Exercise materials

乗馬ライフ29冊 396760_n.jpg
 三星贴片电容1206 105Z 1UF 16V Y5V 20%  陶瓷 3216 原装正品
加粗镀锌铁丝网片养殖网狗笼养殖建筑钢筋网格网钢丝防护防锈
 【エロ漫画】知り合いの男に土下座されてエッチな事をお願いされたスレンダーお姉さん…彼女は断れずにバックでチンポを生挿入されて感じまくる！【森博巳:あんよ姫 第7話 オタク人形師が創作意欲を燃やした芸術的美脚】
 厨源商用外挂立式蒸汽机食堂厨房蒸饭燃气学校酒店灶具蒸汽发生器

Your goal
Restate every record verbatim.

Written response
乗馬ライフ29冊 396760_n.jpg
 三星贴片电容1206 105Z 1UF 16V Y5V 20%  陶瓷 3216 原装正品
加粗镀锌铁丝网片养殖网狗笼养殖建筑钢筋网格网钢丝防护防锈
 【エロ漫画】知り合いの男に土下座されてエッチな事をお願いされたスレンダーお姉さん…彼女は断れずにバックでチンポを生挿入されて感じまくる！【森博巳:あんよ姫 第7話 オタク人形師が創作意欲を燃やした芸術的美脚】
 厨源商用外挂立式蒸汽机食堂厨房蒸饭燃气学校酒店灶具蒸汽发生器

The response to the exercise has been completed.